Parental finances could get complicated. One way to simplify may be to consider consolidating their investments into a portfolio of mutual funds.

Consider mutual funds

Mutual funds embrace a range of investment vehicles, offering the flexibility and variety to tailor and adjust your parents’ holdings based on their needs, objectives and tolerance for risk.

Here are some of the ways a mutual fund investment portfolio could be designed, based on specific needs and goals:

  • Do your parents need more income? Consider a fixed-income mutual fund that invests in government or corporate bonds that may generate a steady return. (Be aware, though, that bond funds—like stock funds—carry risk and can lose money).
  • Do they want capital appreciation for future generations? An equity fund is intended to deliver higher returns than fixed-income funds, though they also carry a higher risk of loss of capital than bond funds.
  • Do they want some growth—but with somewhat less risk? A moderately conservative asset allocation fund may be the way to go. This type of fund typically allocates more money into bonds and cash than in equities.

While there are no guarantees on returns—and mutual funds do carry risk and may lose money—they would allow you and your parents to spread the risk over numerous stocks, bonds and other investments. This diversity could allow returns on one investment to help balance or even outweigh a loss in another. You also can change investment options and weights as your parents’ financial needs change.  

Start now

  • Before things get too complicated, talk with your parents.
  • Let them know that you’re willing to help manage their finances whenever they are ready.
  • Ask them to share details of their portfolio with you so you’re prepared to step in when the time comes.
  • You may wish to discuss wills, trusts and other estate planning matters.
  • Other issues might also arise, such as long-term care and insurance matters.
  • If your parents are having difficulty making decisions and managing their affairs, you may want to encourage them to name you or a sibling as their power of attorney.
  • You may all benefit by meeting with an attorney who specializes in estate planning.

The sooner you can discuss these topics and make plans to handle them, the easier it will be for you and your parents to ultimately make the transition.

Whatever you decide, make it clear to your parents that you have their best interests in mind.
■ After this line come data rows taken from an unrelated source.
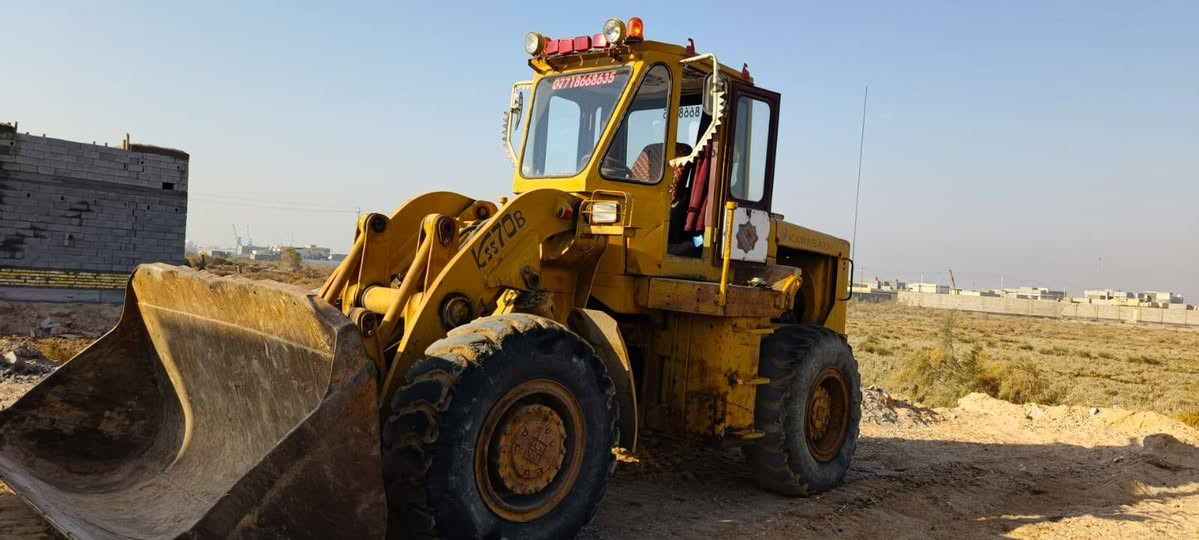 شفل 70Bمديل 83 جاهز للعمل  بي نواقص بسيطه كير ومكينه تركم اكسنات حلوات تخم تاير مع تاير سبير سعر165 بي مجال حك جيه تحويل مباشر رقم 
***********
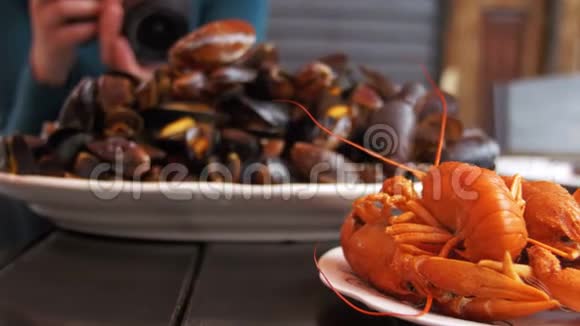 佐治亚州鱼餐厅的木桌上烤红小龙虾和布鲁塞尔视频的预览图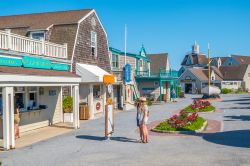 Turisti davanti a un ristorante nel centro de villaggio di Montauk, Long Island, New York - © Elzbieta Sekowska / Shutterstock.com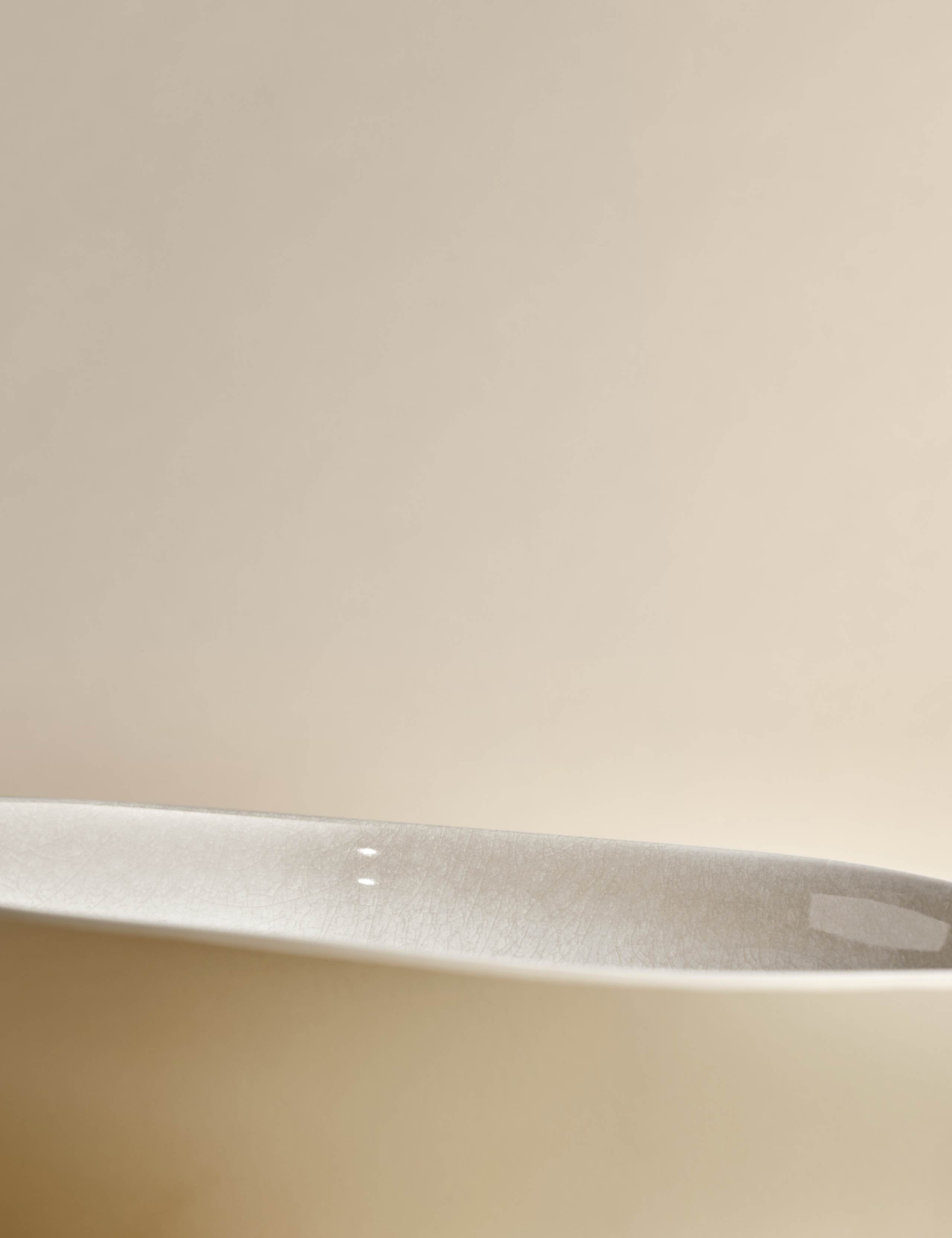 Linen reactive picnic serving bowl made from melamine, UK version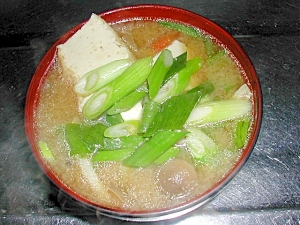 京都・九条ねぎたっぷりの根菜と厚揚げの味噌汁♪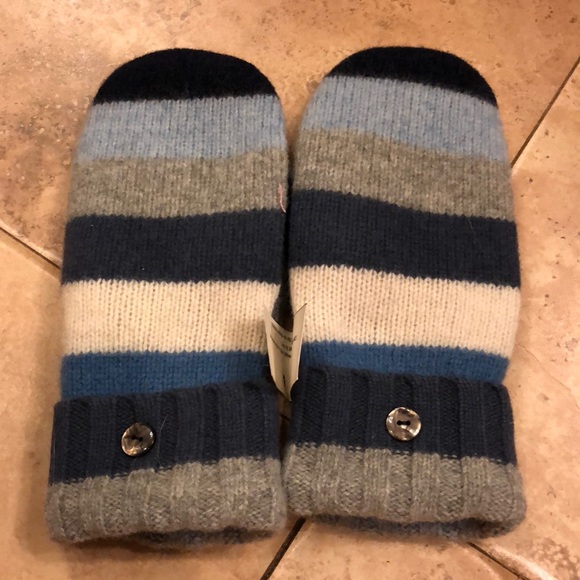 Accessories - Mittens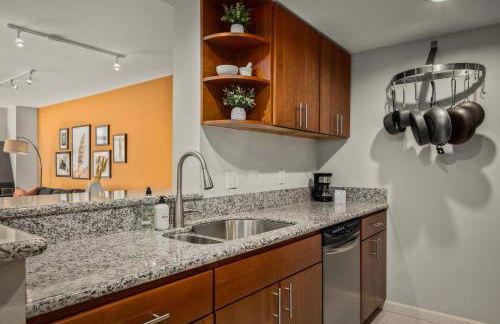 Urban Gallery Loft - King Bed - Larimer Square - Foto 6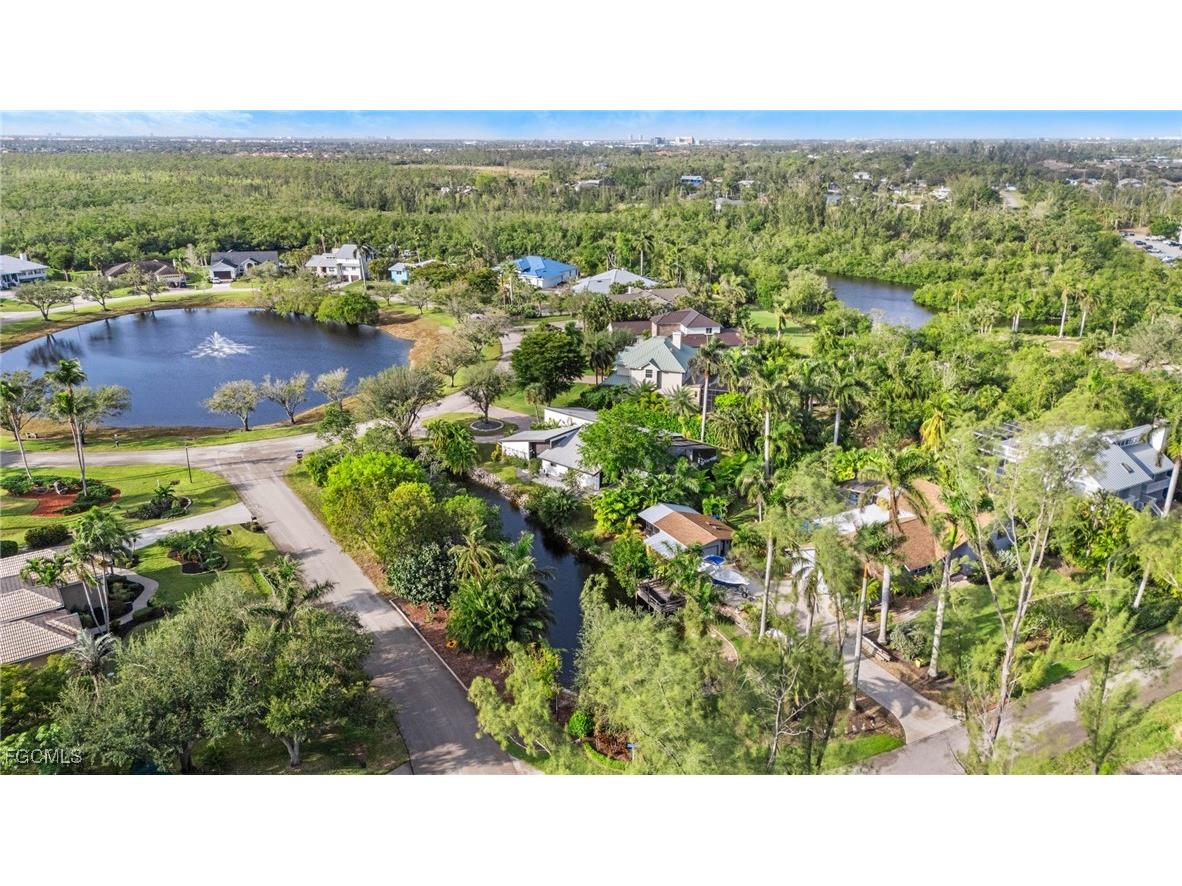 15600 Light Blue Circle Fort Myers FL 33908 2025010763 image48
And, be transparent in your dealings. Regularly review the performance of their assets and the options they have available and keep things as simple and clear as possible.

The concepts presented are intended for educational purposes only. This information should not be considered investment advice or a recommendation of any particular security, strategy, or product.

The information provided is not intended as a source for tax, legal or accounting advice. Please consult with a legal and/or tax professional for specific information regarding your individual situation.